With an earlier start date, the economy experiences a loss in gross domestic product (GDP) beginning in 2000 as higher prices increase the prices of goods and services throughout the economy; however, the early start date smooths the transition of the economy to the longer run target. The early start cases alter both the time profile and magnitude of the carbon price and the payments for carbon permits, which in turn affect the economy. Both potential and actual GDP are used to measure the economic impacts. The loss in potential GDP measures the loss in productive capacity of the economy attributable to the reduction in energy resources available to the economy. The loss in actual GDP incorporates the adjustment cost to the economy and reflects short-term economic dislocations that result from higher energy prices.

In the 1990+9% early start case, potential GDP losses begin in 2000 and progress slowly through 2010 (Figure ES2). In the 1990+9% case with the 2005 start date, the movement in potential GDP is more rapid. Once the carbon emissions target has been reached, however, the early start and 2005 start cases merge, and the projected rates of decline in both carbon emissions and energy use are similar in the two cases. Potential GDP then takes on the same path in both cases. By 2010, potential GDP declines by $33 billion (1992 dollars) in the 2005 start case and $30 billion in the early start case. By 2020, the loss in potential GDP is $39 billion with the 2005 start date and $42 billion with the 2000 start date. A similar pattern of results occurs in the 1990+24% and the 1990-7% cases (Table ES1).

Figure ES2. Projected Dollar Losses in Potential Gross Domestic Product in the 1990+9%, and 1990+-9% Early Start Cases, 1998-2020  [source]

The largest portion of the adjustment loss occurs in roughly the first 5 years of the imposition of the carbon price whether the start date is 2000 or 2005 (Figure ES3).
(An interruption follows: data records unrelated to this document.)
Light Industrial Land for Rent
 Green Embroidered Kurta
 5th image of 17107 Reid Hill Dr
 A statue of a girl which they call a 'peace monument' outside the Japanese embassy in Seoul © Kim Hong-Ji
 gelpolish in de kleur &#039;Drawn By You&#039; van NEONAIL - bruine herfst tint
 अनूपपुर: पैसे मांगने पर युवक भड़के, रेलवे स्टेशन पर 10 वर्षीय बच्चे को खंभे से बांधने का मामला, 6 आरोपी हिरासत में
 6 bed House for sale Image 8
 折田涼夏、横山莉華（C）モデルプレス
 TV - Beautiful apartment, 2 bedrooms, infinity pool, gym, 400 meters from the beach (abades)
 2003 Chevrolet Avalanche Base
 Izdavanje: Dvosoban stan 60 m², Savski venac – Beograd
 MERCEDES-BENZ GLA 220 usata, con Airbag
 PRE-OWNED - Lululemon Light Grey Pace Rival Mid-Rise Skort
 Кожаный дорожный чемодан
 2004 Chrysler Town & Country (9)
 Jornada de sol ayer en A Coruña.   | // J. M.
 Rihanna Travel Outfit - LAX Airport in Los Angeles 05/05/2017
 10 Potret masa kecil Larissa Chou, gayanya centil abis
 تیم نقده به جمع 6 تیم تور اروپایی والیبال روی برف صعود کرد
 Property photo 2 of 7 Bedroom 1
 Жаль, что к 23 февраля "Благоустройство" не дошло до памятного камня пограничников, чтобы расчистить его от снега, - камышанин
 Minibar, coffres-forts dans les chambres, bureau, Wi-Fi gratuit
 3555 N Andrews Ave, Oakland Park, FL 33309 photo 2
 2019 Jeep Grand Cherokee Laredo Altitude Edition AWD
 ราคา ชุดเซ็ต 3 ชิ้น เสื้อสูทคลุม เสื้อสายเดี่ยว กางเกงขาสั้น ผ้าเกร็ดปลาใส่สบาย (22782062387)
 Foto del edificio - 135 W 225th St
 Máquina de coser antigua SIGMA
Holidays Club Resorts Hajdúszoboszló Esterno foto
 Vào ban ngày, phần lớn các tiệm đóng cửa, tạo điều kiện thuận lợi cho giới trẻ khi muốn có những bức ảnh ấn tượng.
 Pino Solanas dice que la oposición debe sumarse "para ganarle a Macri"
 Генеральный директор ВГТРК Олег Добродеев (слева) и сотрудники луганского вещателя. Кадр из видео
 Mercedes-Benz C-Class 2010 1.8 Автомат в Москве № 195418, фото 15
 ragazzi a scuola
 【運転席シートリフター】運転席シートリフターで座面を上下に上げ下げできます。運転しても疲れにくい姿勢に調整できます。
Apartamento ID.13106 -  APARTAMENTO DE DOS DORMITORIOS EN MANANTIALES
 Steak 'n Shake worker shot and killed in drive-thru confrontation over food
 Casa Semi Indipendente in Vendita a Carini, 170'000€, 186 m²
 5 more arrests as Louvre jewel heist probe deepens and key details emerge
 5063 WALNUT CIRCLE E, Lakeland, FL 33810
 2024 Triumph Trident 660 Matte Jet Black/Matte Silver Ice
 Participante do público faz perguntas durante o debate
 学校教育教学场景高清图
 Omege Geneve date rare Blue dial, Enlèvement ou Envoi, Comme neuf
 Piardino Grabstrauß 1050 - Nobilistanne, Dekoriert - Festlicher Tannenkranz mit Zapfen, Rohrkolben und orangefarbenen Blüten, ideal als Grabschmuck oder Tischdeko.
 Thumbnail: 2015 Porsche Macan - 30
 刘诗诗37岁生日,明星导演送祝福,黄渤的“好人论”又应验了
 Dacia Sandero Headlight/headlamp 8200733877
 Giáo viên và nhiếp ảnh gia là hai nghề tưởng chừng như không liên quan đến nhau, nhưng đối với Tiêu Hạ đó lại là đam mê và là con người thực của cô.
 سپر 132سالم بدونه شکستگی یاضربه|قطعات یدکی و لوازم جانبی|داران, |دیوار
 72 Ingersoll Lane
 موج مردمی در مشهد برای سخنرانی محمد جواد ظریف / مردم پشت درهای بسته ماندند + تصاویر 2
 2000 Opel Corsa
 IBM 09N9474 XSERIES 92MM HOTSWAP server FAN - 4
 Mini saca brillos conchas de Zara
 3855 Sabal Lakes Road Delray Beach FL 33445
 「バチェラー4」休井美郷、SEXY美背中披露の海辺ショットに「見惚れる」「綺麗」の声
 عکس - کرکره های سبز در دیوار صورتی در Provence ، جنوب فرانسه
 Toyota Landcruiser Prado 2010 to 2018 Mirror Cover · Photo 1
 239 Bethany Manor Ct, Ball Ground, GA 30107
In general, the loss in actual GDP in the early start cases between 2000 and 2005 is between one-half and nearly three-quarters of the loss in the cases with the 2005 start date between 2005 and 2010. In the early start cases, actual GDP begins to rebound back toward its level in the reference case sooner, and the recovery is smoother than in the cases with a 2005 start. By 2010, the GDP impacts in the 1990+24% early start case are about half those in the 1990+24% case with the 2005 start date. In the 1990+9% and 1990-7% cases, the impacts on GDP with the early start date are about one-third of the impacts with the 2005 start date. Ultimately, in all cases, the economy transitions into a long-run path, and the losses in actual and potential GDP become very close by 2020.

Figure ES3. Projected Dollar Losses in Actual Gross Domestic Product in the 1990+24%, 1990+-9%, and 1990-7% Early Start and 2005 Start Cases, 1998-2020  [source]

For each of the three carbon reduction targets, the early start and 2005 start cases project approximately the same undiscounted values for the cumulative impact on GDP from 2000 through 2020 (Table ES2). Although the cumulative impacts on GDP are similar, the early start cases involve a tradeoff. The peak impacts are less severe  in the early start cases, but they occur earlier. A net present value calculation takes into consideration the time value of money. Using a discount rate of 7 percent beginning in 2000, the cumulative discounted impacts are larger in the early start cases.